The training implementation contains two steps:

1. To update the weights of the D: Train the D by giving it a real image and set the target to one (real), and then do another training by giving it a fake image and set the target to zero (fake). Some of the fake images are created by generator.

2. To update the weights of the G: Feed the fake image to the D to get an output (a value between 0 and 1). Set a new target to 1 (real), and then compute the loss between the output of the D and the new target (always 1). We will backpropagate this error into the G.


Note:

* `fake` is a torch variable because a output of torch model is also a torch variable. So it contains not only the tensor of teh predictions (numbers between 0 and 1), but also the gradients. However, we are not going to use this gradient after back prop the error back to the D. We absolutely don't care of the gradient of the output with respect to the weights of G, it's not a part of the considerations in stochastic gradient descent. So we detach the gradients of the `fake` variable. This will save some memory and speed up the computation.

In [None]:
# Training the DCGANs

criterion = nn.BCELoss() # binary cross entropy (for target either 0 or 1)
optimizerD = optim.Adam(netD.parameters(), lr = 0.0002, betas = (0.5, 0.999)) # betas: coefficients used for computing averages of gradient and its square.
optimizerG = optim.Adam(netG.parameters(), lr = 0.0002, betas = (0.5, 0.999)) 

for epoch in range(25): 

    for i, data in enumerate(dataloader, 0):
        
        ### Step 1 : Train D ###

        netD.zero_grad() # Zero the gradients with respect to the weights.
         
        # Train D on real images
        real, _ = data 
        input = Variable(real) # Wrap it in a variable.
        target = Variable(torch.ones(input.size()[0])) # Train D on real data, so set the target to be 1 (real).
        output = netD(input) # Output is bewteen 0 and 1.
        errD_real = criterion(output, target) 
        
        # Train D on fake images generated from G
        noise = Variable(torch.randn(input.size()[0], 100, 1, 1)) # Random input vector (noise) of the G.
        fake = netG(noise) # G generates some fake images.
        target = Variable(torch.zeros(input.size()[0])) # Train D on fake data, so set the target to be 0 (fake).
        output = netD(fake.detach()) # Output is between 0 and 1. `.detach()` to save memory.
        errD_fake = criterion(output, target) 

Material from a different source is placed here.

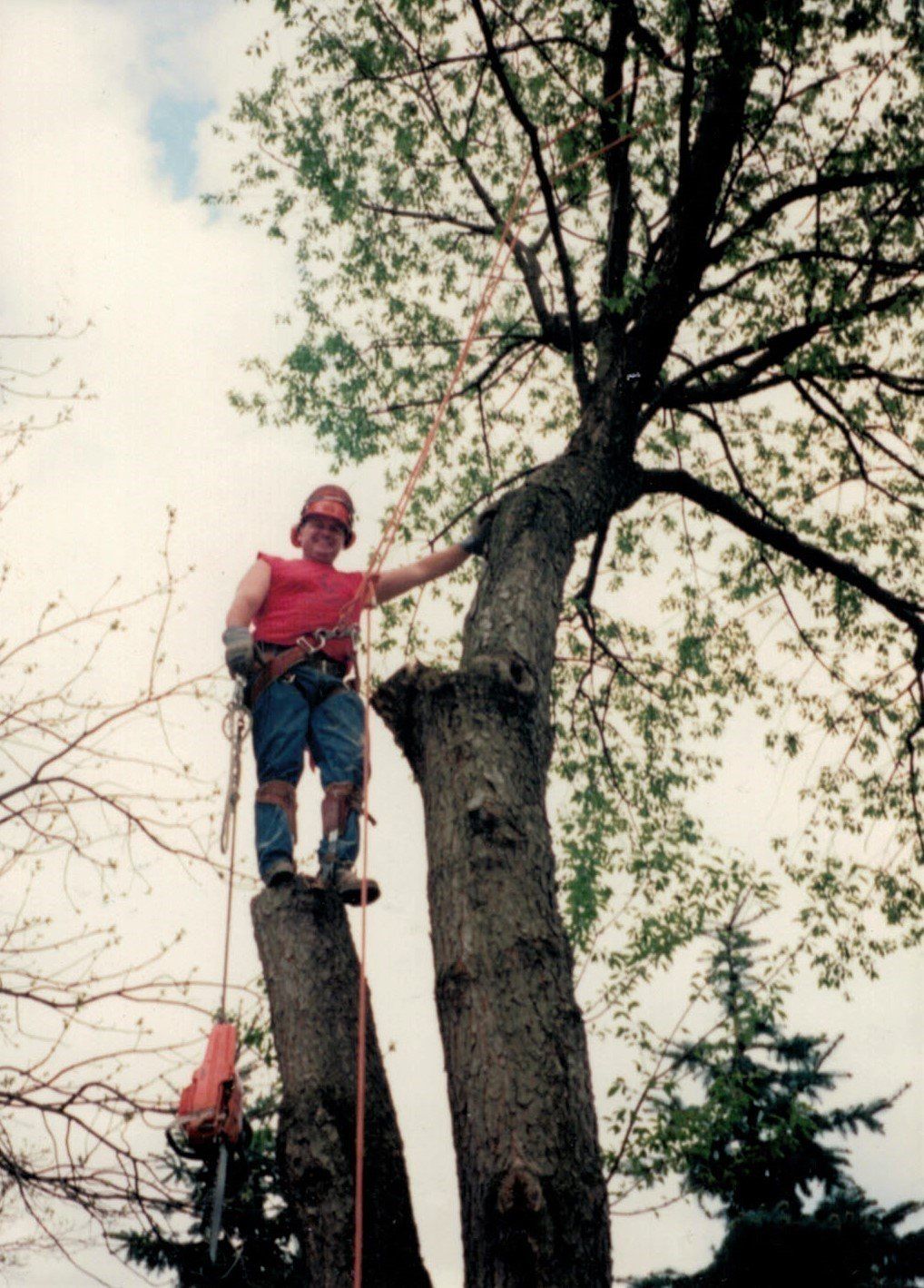 Cutting Tree Branches — Portage, MI — J & B Professional Tree Service, Inc.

        # Backpropagating the total error
        errD = errD_real + errD_fake # Total error.
        errD.backward() # Backpropagate the loss error.
        optimizerD.step() # Optimizer to update the weights by SGD.

        ### Step 2: Train G ###

        netG.zero_grad() # Zero the gradients with respect to the weights.
        target = Variable(torch.ones(input.size()[0])) # Create all 1 targets.
        output = netD(fake) # Do not detach, we have to keep the gradients of fake images. 
        errG = criterion(output, target) 
        errG.backward() 
        optimizerG.step() 
        
        ### 3rd Step: Printing and saving ###

        print('[%d/%d][%d/%d] Loss_D: %.4f Loss_G: %.4f' % (epoch, 25, i, len(dataloader), errD.data, errG.data)) # Print losses of the D and G.
        if i % 100 == 0: # Every 100 steps:
            vutils.save_image(real, '%s/real_samples.png' % ".", normalize = True) # Save the real images.
            fake = netG(noise) # Get generated fake images.s
            vutils.save_image(fake.data, '%s/fake_samples_epoch_%03d.png' % (".", epoch), normalize = True) # Save the generated fake images.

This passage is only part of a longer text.